## DATA SHOWN
________________
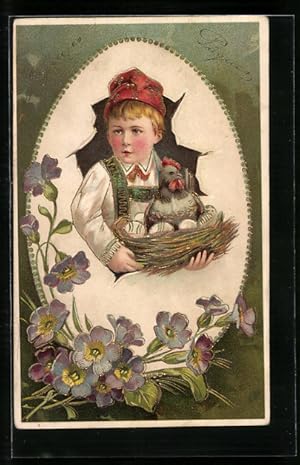 Ansichtskarte Junge mit Henne und Eiern im Arm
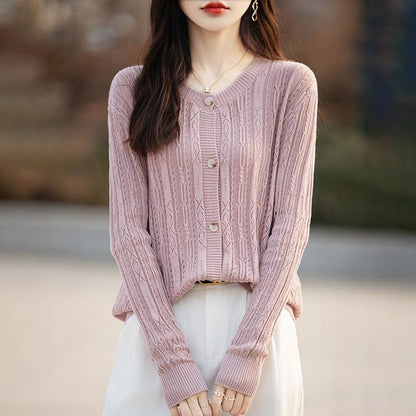 Lace-Knit Cotton Cardigan for Women: Flattering Crochet Open-Front Sweater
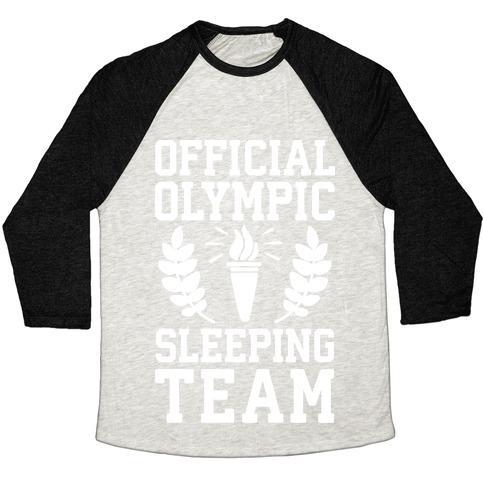 Virgin Teez  Baseball Tee Unisex Tri-Blend Baseball Tee / small / Oatmeal / Black OFFICIAL OLYMPIC SLEEPING TEAM UNISEX TRI-BLEND BASEBALL TEE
________________
## PROBLEM TO WORK ON
An exact transcript is required, covering the lines from the one containing "Lace-Knit Cotton Cardigan" through the end of the listing above, inclusive, without pictures.

## SOLUTION TO THIS TASK
 Lace-Knit Cotton Cardigan for Women: Flattering Crochet Open-Front Sweater
 Virgin Teez  Baseball Tee Unisex Tri-Blend Baseball Tee / small / Oatmeal / Black OFFICIAL OLYMPIC SLEEPING TEAM UNISEX TRI-BLEND BASEBALL TEE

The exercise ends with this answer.